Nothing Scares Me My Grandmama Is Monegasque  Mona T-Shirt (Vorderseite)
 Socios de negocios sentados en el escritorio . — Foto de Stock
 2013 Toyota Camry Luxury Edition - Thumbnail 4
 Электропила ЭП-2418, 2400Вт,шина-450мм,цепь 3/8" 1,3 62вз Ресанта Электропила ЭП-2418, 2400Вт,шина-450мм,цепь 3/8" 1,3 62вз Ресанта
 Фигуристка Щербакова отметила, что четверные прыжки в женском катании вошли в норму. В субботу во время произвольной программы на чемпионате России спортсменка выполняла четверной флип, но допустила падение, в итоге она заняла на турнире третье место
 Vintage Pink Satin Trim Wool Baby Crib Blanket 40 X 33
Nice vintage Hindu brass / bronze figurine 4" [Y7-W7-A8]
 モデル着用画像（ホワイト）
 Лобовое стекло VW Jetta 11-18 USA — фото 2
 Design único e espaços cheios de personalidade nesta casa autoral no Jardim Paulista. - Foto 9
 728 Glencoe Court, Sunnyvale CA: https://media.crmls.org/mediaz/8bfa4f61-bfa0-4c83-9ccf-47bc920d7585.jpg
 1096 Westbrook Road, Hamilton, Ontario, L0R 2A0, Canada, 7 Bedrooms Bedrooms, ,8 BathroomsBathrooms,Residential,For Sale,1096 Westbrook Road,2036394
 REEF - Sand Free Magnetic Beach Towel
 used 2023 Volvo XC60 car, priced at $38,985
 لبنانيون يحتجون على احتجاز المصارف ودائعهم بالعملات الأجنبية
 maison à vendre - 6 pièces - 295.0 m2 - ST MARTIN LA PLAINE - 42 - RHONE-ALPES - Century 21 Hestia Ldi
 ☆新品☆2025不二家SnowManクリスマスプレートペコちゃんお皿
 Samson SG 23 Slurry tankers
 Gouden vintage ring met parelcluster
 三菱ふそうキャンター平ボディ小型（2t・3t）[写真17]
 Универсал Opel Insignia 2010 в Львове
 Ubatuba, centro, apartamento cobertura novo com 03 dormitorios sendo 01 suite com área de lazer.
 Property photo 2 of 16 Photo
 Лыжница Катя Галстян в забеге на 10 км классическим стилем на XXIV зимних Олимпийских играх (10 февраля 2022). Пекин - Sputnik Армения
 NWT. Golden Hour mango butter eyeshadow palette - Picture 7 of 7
-*-*-
▶ [WHAT NEEDS TO BE DONE] Within the data above, the span starting at the line containing "Лобовое стекло VW Jetta 11-18 USA — фото 2" and ending at the line containing "used 2023 Volvo XC60 car, priced at $38,985" is to be retyped exactly, with no other lines.

▶ [EXPECTED ANSWER]
 Лобовое стекло VW Jetta 11-18 USA — фото 2
 Design único e espaços cheios de personalidade nesta casa autoral no Jardim Paulista. - Foto 9
 728 Glencoe Court, Sunnyvale CA: https://media.crmls.org/mediaz/8bfa4f61-bfa0-4c83-9ccf-47bc920d7585.jpg
 1096 Westbrook Road, Hamilton, Ontario, L0R 2A0, Canada, 7 Bedrooms Bedrooms, ,8 BathroomsBathrooms,Residential,For Sale,1096 Westbrook Road,2036394
 REEF - Sand Free Magnetic Beach Towel
 used 2023 Volvo XC60 car, priced at $38,985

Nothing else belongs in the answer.